Similarly, the overall scores are calculated for all record pairs.

While the m-probability represents the quality of the matching variable and is not dependent on the actual value of the matching variable, this is not the case for the u-probability. The u-probability represents the discriminating power of the matching variable, and hence rare values should provide more weight to the overall score than common values. In addition, since the number of non-matches is very large compared with the number of matches when comparing all possible pairs within blocks, the u-probability P(γ| NM) is often approximated by the marginal probability P(γ). For example, the u-probability of month of birth is often taken as 1/12 and gender as 1/2. Therefore, in many small-scale applications, the u-probability is calculated as the proportion of value states of the matching variable in a large dataset or across all possible pairs. However, the calculation of the m-probability needs good test data or an approach such as the EM algorithm described in Sect. 3.2.4, since this is calculated as the rate of error among known matches.

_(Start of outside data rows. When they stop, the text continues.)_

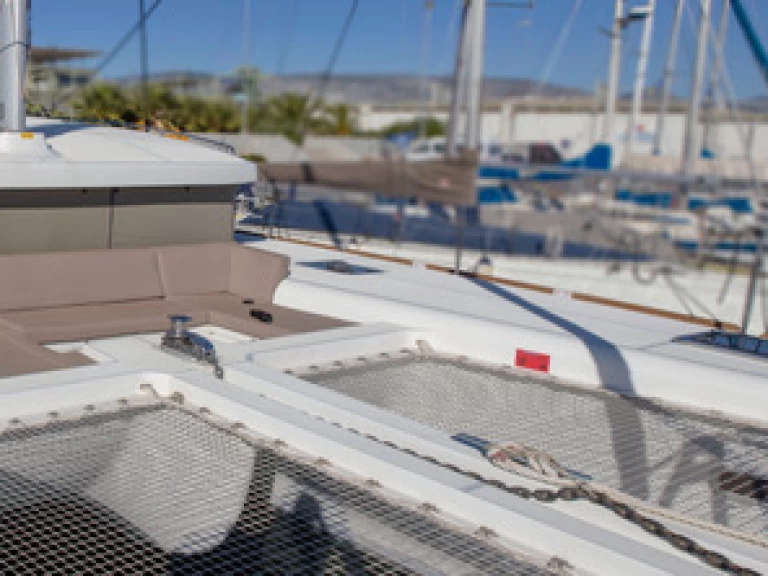 Wynajmij Katamaran z lub bez skippera Lagoon w Kallithéa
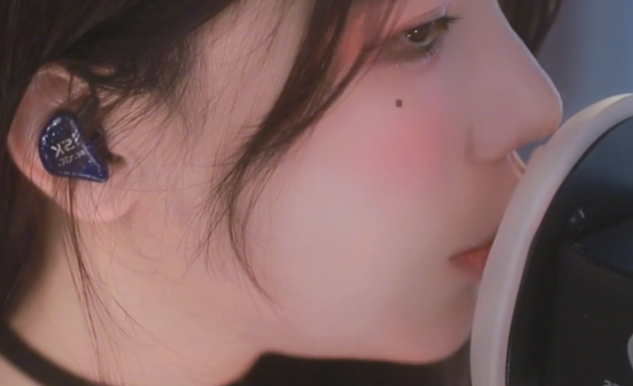 妮有柿 舔耳 1V123M百度盘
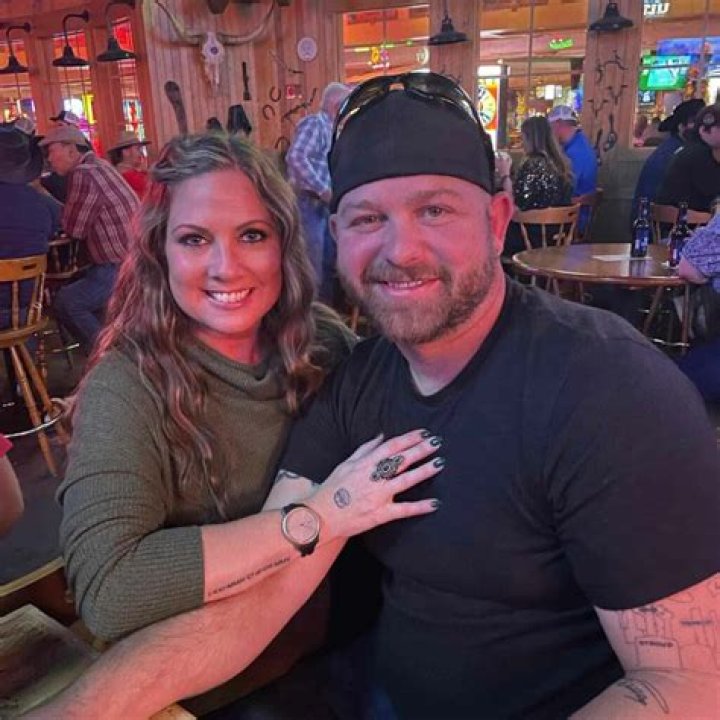 Cabinet Maker Chris Latham from Fixer to Fabulous Biography and Facts.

The likelihood ratio can be modified to take into account a string comparator. A common approach when using the simple agree/disagree {1,0} comparison vector of the F&S framework is by interpolation. Assume matching variable k is first or last name. The likelihood ratio is modified as follows:

$$ R\left({\gamma}_k^j\right)={\Phi}_{\left({S}_1,{S}_2\right)}^j\frac{P\left({\gamma}_k^j|M\right)}{P\left({\gamma}_k^j| NM\right)}+\left(1-{\Phi}_{\left({S}_1,{S}_2\right)}^j\right)\frac{1-P\left({\gamma}_k^j|M\right)}{1-P\left({\gamma}_k^j| NM\right)} $$
(5)

One can see that if there is a perfect agreement and \( {\Phi}_{\left({S}_1,{S}_2\right)}^j=1 \), then we obtain the original agreement likelihood ratio, and when \( {\Phi}_{\left({S}_1,{S}_2\right)}^j=0 \) we obtain the disagreement likelihood ratio. Intermediary values are obtained for the likelihood ratio under partial agreements. Finally, on the new likelihood ratio, the log transformation is taken and added to the likelihood ratios of the other matching variables.

For missing values, one might consider taking a comparator \( {\Phi}_{\left({S}_1,{S}_2\right)} \) of 1/k where k is the number of categories. For example, a missing value in gender could have a string comparator of \( {\Phi}_{\left({S}_1,{S}_2\right)}=1/2 \).

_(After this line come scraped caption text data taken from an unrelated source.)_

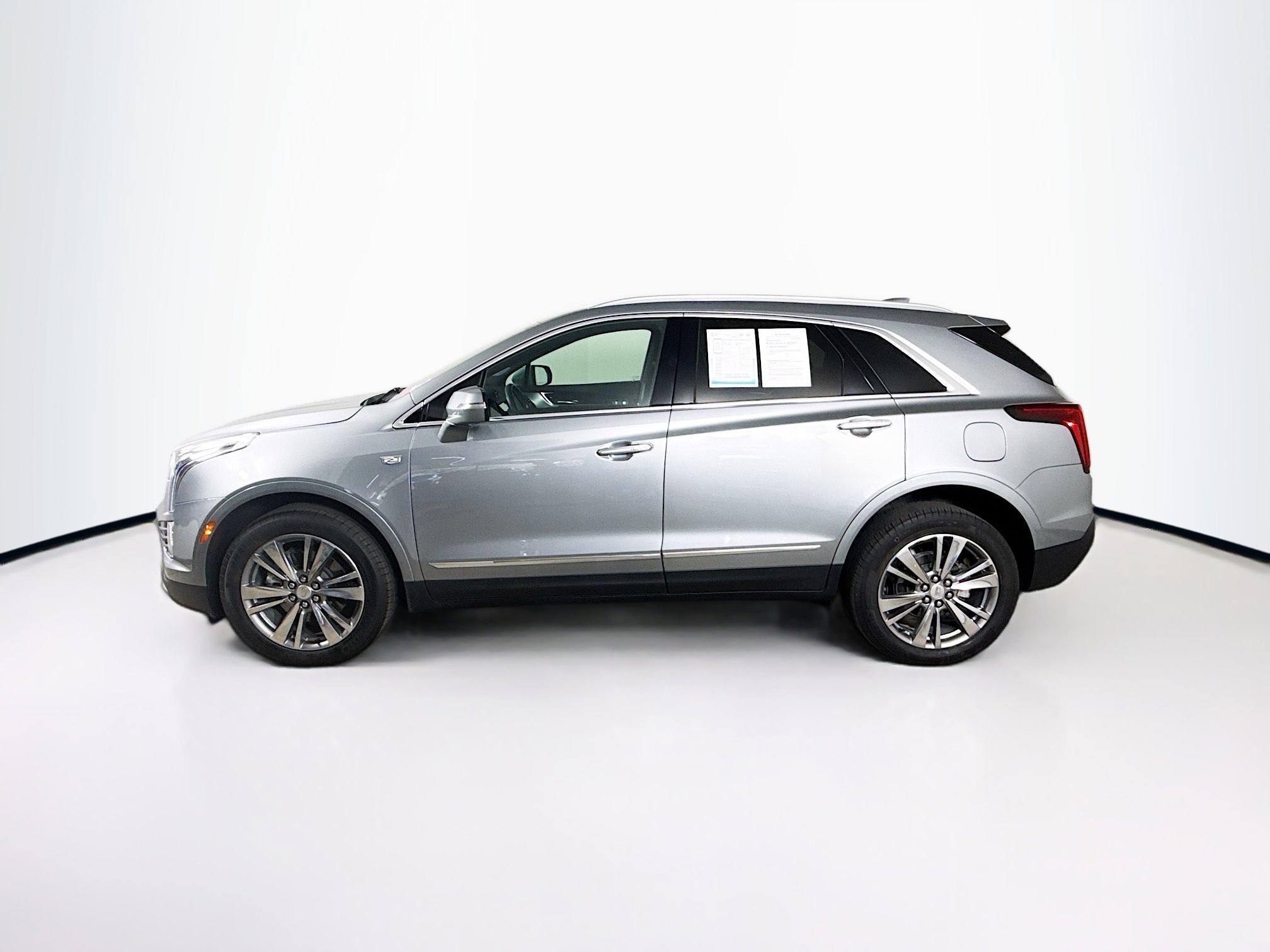 Used 2025 Cadillac XT5 Premium Luxury image 7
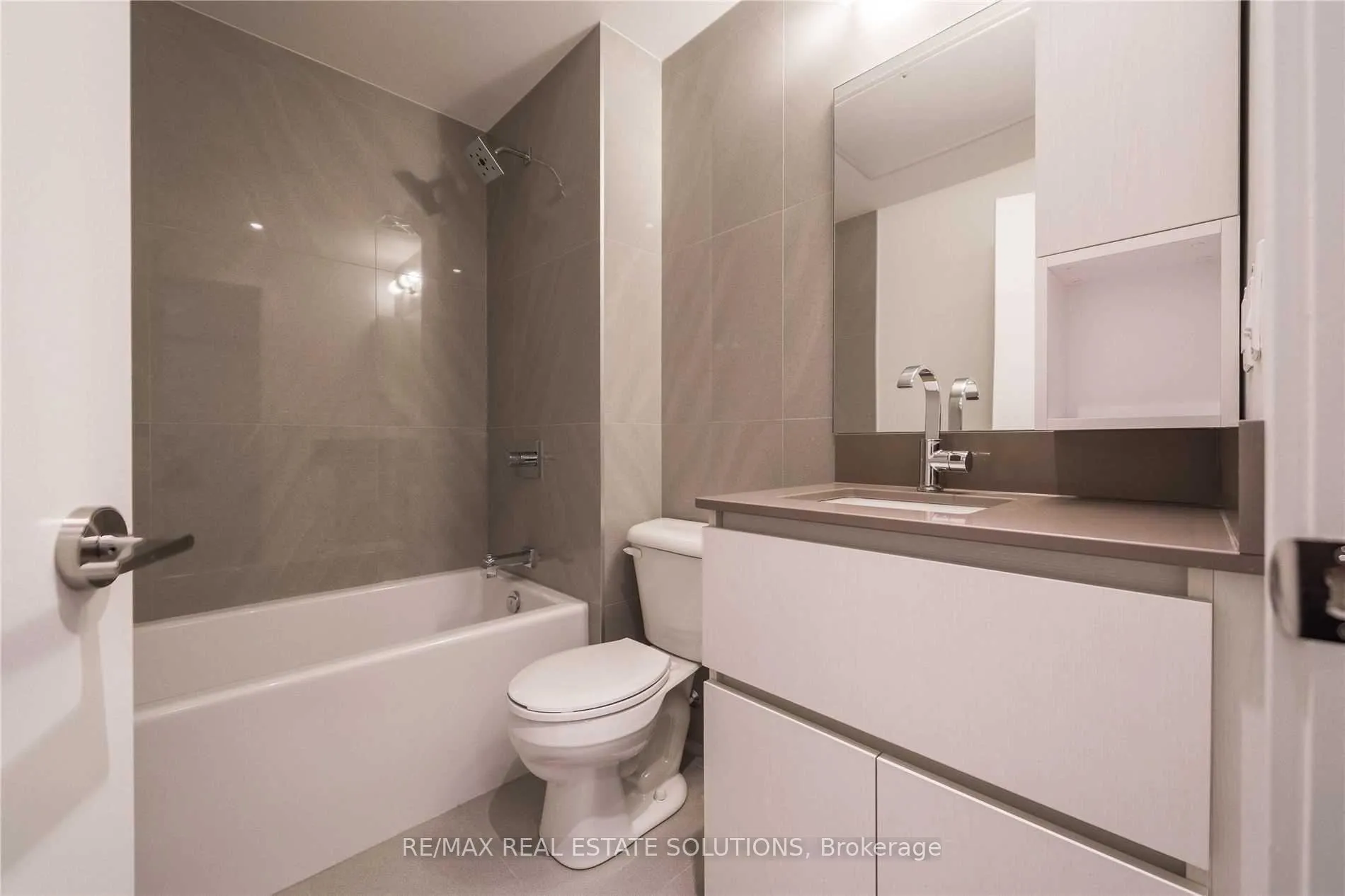 Photo 8 of Unit 510, 15 Baseball Place, Toronto, South Riverdale — HOMEH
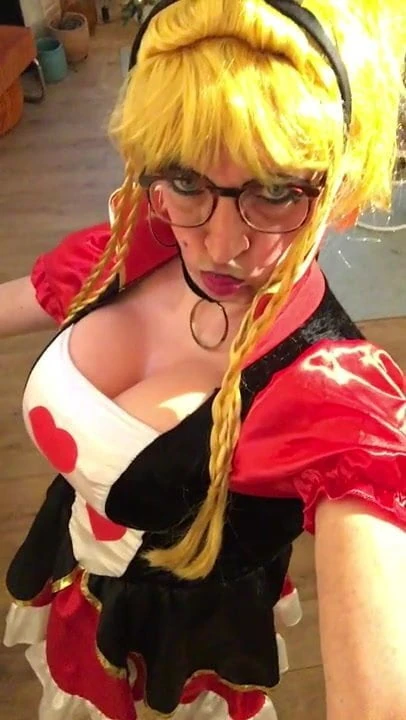 Queen of hearts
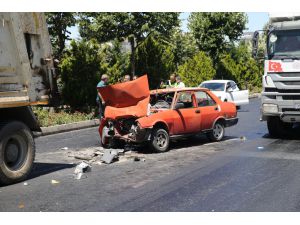 Nevşehir'de kamyona çarpan otomobildeki 2 kişi öldü, 2 kişi yaralandı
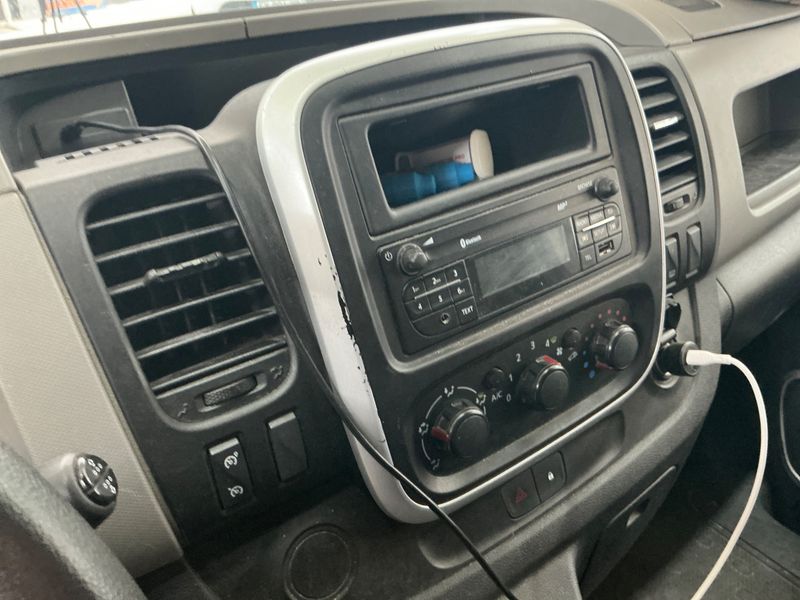 Renault Trafic 1.6 dCi Grand Confort L1H1 1000 2017 – снимка 27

For a quantitative variable such as year of birth, one might want to provide more of an agreement if the difference in year of birth is 1 or 2 years compared with a difference in year of birth of more than 3 years. A possible string comparator is:

$$ {\fontsize{8.4}{10.4}{\selectfont{{\Phi}_{\left({S}_1,{S}_2\right)}=\left\{\begin{array}{cc}\exp \left(-| birth\kern0.5em year1- birth\kern0.5em year2|/3\right)& if\kern0.5em \mid birth\kern0.5em year1- birth\kern0.5em year2\mid <3\\ {}0& otherwise\end{array}\right. }}}$$

which obtains a value of 1 if birth year 1 = birth year 2, a value of 0.717 if there is a difference in 1 year, 0.513 if there is a different in 2 years and 0 otherwise.

3.2.3 Setting Thresholds

Based on the observed values of the comparison vector between a record pair, F&S consider the (log) ratio of probabilities in Eq. (4). A decision rule is given by thresholds W + and W − as shown in Eq. (3) which are determined by a priori error bounds. The errors are defined as Type 1 (false matches) and Type 2 (false non-matches) errors. These error bounds are preset by the data linker and should be very small. Generally, the Type 2 error bound is larger than the Type 1 error bound because data linkage is typically an iterative process, with multiple passes through the datasets, and hence missed matched pairs may be found in subsequent passes through the record pairs using different blocking variables. On the other hand, in a Type 1 error, paired records may be obtained that are erroneously declared matches, which can cause severe bias in statistical analysis on the matched dataset. The undetermined record pairs (those record pairs between the upper and lower cutoff thresholds) are sent for clerical review to determine their match status. Fellegi and Sunter (1969) show that, given the error bounds, the decision rule in Eq. (3) is optimal and minimises the number of pairs that need to be clerically reviewed.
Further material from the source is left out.